[Exercise instructions]
Search the records for the word "Mini" and report each line that has it.
BEGIN Dataset records
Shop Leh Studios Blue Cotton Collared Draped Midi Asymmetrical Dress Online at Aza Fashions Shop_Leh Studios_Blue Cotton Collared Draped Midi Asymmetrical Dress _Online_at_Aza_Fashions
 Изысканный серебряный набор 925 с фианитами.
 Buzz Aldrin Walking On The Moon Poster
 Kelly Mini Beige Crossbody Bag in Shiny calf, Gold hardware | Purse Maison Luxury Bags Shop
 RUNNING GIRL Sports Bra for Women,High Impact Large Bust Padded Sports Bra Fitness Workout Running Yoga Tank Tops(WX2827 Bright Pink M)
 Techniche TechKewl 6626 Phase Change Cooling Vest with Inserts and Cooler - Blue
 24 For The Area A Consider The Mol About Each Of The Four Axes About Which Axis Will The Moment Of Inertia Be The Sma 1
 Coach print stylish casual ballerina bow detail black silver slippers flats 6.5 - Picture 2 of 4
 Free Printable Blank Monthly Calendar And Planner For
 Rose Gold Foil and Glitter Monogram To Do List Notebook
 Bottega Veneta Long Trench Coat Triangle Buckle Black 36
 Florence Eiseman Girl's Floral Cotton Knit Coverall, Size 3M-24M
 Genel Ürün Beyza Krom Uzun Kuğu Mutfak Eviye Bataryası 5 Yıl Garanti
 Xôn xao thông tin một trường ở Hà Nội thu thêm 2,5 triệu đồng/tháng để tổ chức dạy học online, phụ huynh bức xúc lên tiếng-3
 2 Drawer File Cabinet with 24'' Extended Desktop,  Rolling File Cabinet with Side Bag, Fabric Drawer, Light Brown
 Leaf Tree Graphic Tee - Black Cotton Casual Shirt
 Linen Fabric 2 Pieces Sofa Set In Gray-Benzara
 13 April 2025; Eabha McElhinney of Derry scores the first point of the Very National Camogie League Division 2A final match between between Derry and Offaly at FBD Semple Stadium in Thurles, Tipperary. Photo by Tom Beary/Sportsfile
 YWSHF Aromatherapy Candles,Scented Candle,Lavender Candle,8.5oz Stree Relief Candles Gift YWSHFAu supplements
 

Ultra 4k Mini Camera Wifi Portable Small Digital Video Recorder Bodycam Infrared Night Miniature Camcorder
END Dataset records
[Answer box]
 Kelly Mini Beige Crossbody Bag in Shiny calf, Gold hardware | Purse Maison Luxury Bags Shop
Ultra 4k Mini Camera Wifi Portable Small Digital Video Recorder Bodycam Infrared Night Miniature Camcorder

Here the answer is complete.